Filed under: Uncategorized — Adam Drake @ 12:01 am

Note: I just found this in my drafts and it was last edited 3/12/2008. I don’t remember when I finally hit 70 but we’ll go with that day I suppose. Orc warlock on Bloodhoof, by the way.

In only 11 days, 15.5 hours /played

April 30, 2008

My New HP

Filed under: Sci-Tech — Adam Drake @ 8:49 pm

I had to go to Fry’s today to get some RAM and while I was there I decided to pick up a new HP 35s to replace my HP 33s. The 33s has a decent layout but the keys are a bit spongy and loud. The keys on the 35s are square so the layout of the keypad is much easier to search through. In addition, the key press is short and sweet, i.e. it doesn’t have the same spongy feeling. Another advantage is the case for the 35s, which is a hard design that zips around the perimeter and has an elastic strap that goes over the calculator body between the display and the keyboard but doesn’t obstruct the view of either. There is also an elastic pouch on the opposite side to stash extra batteries, paper, or whatever.

The downside, however, is that while the 33s came with a paperback bound version of the users manual, the 35s only came with the manual on CDROM. That agitates me. It’s a small price to pay I suppose, and it saved .0000000003453 of a tree. Hooray.

It’s still not possible to save programs to my computer with some kind of IR or USB cable, but I don’t do much programming on it anyway.

The improved keypad alone is worth it.

February 29, 2008

George Bush Makes My Brain Hurt

Filed under: News — Adam Drake @ 11:46 am

Sometimes I really do think that the people in this administration are completely insane. This George Bush quote from Salon is nuts.

“A clear lesson I learned in the museum was that outside forces that tend to divide people up inside their country are unbelievably counterproductive.”—after touring a genocide memorial, Kigali, Rwanda, Feb. 19, 2008

Wow.

February 22, 2008

Miscellany

Filed under: Personal — Adam Drake @ 10:22 pm

I was writing one post per topic, but then I figured that was lame RSS reader spam and so I’m going to combine all my small posts into one.

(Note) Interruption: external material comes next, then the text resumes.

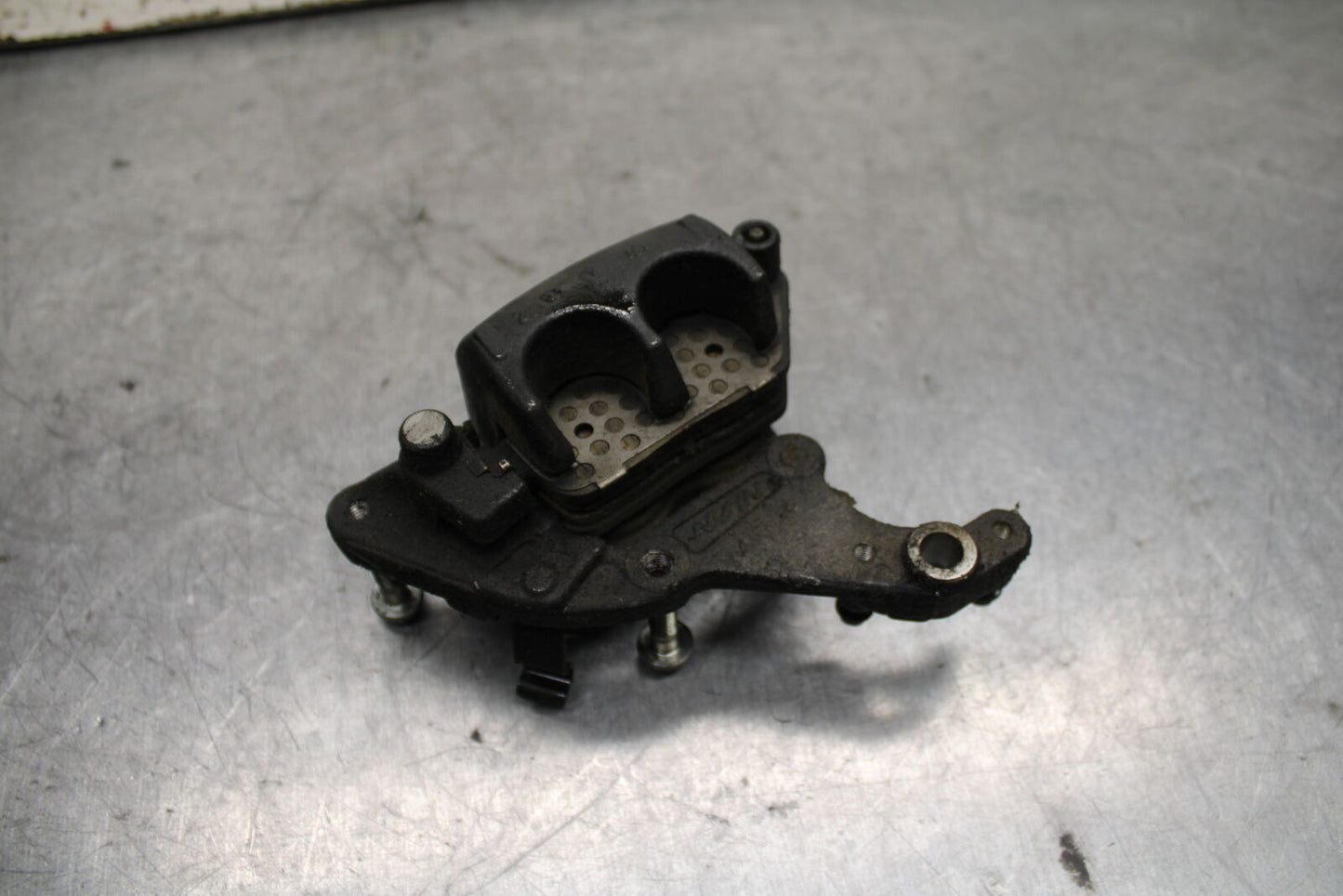 15-16 HONDA CB300F RIGHT FRONT BRAKE CALIPER BB740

  1. I used to like Ben Stein, but the fact that he’s involved with a new movie that touts the scientific validity of intelligent design chaps my ass. Intelligent design is not science.
  2. For those who think that rubber bullets aren’t painful, I would refer them to Shanbo Heinemann. He’s a pro-Palestinian activist from San Francisco who was shot in the forehead by Israeli soldiers with a rubber bullet. It looks pretty painful to me.
  3. Do you often have excuses about why you can’t do something? Stop.
  4. There’s a new book out about anti-intellectualism and anti-rationalism in America. It’s really irritating for knowledgeable and logical people to be dismissed outright. What’s worse is when you present a fact and people tell you that it’s your opinion or that everything somebody says must be biased so there really aren’t such things as facts. This happens to me often when debating WMD in Iraq. There were none and everybody knows it, except for the people that don’t believe any reports of any kind because people wrote the reports and … wait for it … they’re just somebody’s opinion.
  5. Some people are big on attacking Iran right now and they don’t understand why there is such animosity towards the US by some Iranians. That’s because Americans in general are ignorant and not aware of the history surrounding the issue. I suggest the below video for a brief overview.
  6. Lots of people are dying in Iraq and most of them are Iraqis. It seems like that fact is background noise for a lot of people these days.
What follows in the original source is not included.